**Dataset content:**
+++

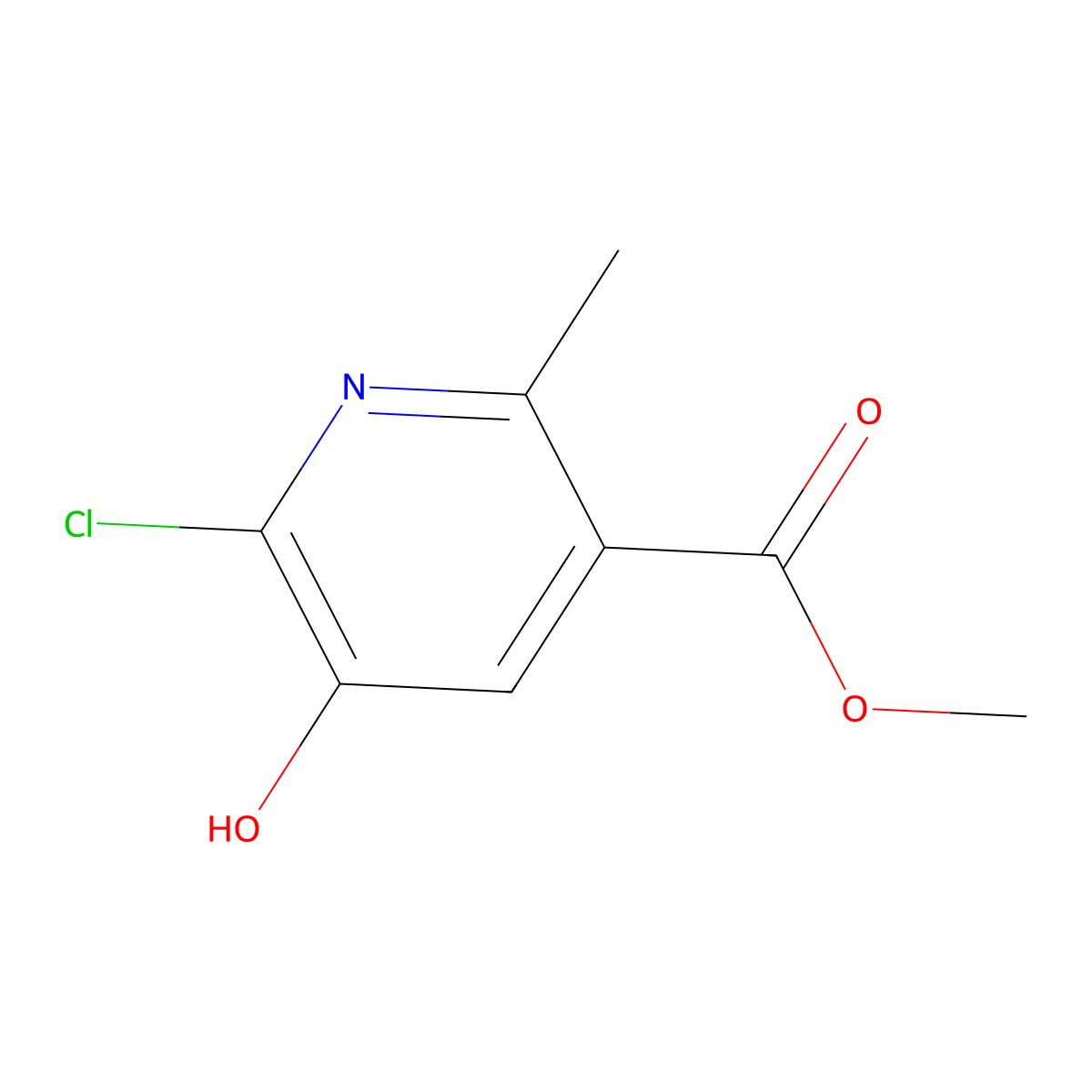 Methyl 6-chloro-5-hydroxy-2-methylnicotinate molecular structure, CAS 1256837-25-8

+++

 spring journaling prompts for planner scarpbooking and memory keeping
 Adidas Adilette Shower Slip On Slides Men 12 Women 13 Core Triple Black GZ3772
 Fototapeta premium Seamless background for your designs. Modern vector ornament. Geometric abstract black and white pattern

+++

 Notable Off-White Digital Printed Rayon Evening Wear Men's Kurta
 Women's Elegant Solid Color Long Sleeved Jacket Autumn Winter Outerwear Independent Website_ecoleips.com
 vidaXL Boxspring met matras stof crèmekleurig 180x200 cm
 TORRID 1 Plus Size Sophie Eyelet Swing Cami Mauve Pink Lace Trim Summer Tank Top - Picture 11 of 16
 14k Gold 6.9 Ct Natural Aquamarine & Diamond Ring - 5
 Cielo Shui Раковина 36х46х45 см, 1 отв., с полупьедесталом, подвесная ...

+++

**Task to carry out:**
Please, from the material above, copy only the lines from the line with "Women's Elegant Solid" up to and including the line with "Cielo Shui Раковина", exactly as written.

**Solved problem:**
 Women's Elegant Solid Color Long Sleeved Jacket Autumn Winter Outerwear Independent Website_ecoleips.com
 vidaXL Boxspring met matras stof crèmekleurig 180x200 cm
 TORRID 1 Plus Size Sophie Eyelet Swing Cami Mauve Pink Lace Trim Summer Tank Top - Picture 11 of 16
 14k Gold 6.9 Ct Natural Aquamarine & Diamond Ring - 5
 Cielo Shui Раковина 36х46х45 см, 1 отв., с полупьедесталом, подвесная ...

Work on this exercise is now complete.